I just saw Khoi Vinh’s post on managing e-mail and since I can’t sleep, I figured I’d tell you how I manage e-mail. I use OS X’s Mail.app for work mail and Thunderbird for my personal stuff (I like keeping them separate). I don’t get a ton of personal e-mail, but I get between one hundred and three hundred e-mails a day for work (during the week, 50-70 on weekends) between projects, internal listservs and CSS Working Group stuff. That number’s been as high as four hundred during the AIM Pages crunch last year, I was getting more than five hundred a day.\
I’ve managed that load for more than five years, and have found a couple things that keep me sane.
- I have a smart folder called Unread Messages that has only messages I haven’t read in it. Instead of peering at threads and a thousands-message long inbox, it contains only the stuff I haven’t read. I have another smart folder that has messages received in the last 36 hours. I almost never go into the Inbox view, because there’s just too much stuff there.

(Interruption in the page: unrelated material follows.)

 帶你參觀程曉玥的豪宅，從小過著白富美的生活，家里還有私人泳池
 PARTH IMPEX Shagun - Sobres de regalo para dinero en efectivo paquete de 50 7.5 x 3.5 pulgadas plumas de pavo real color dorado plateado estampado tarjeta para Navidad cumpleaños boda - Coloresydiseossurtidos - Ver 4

- Respond right away. If you can’t respond in a couple minutes, open the message in a new window and get to it after you’ve filtered the rest.
- Do your e-mail first thing. I spend the first half-hour of the day filtering e-mail and respond, and then get to work. I’ll check back every hour or so and filter again, depending on what I’m working on. If I’m coding and in the zone, then I might only check at the end of the day, but if I’m in meetings, it’s more often.\
That’s pretty much it. My work day is an exercise in interruption management. Between e-mails and IMs from co-workers, I deal with hundreds of interruptions a day. It’s funny, but when I really have to get something done and don’t log in to AIM or open my e-mail, I miss the interruptions. I don’t know what to do with myself.\
Sad, isn’t it?
Hey, if you want to see a great documentary on Insomnia, check out Wide Awake on HBO. Not sure if it’s still running, but it was awesome!! My wife finally understands, in a small degree, why I wander the house at 2am.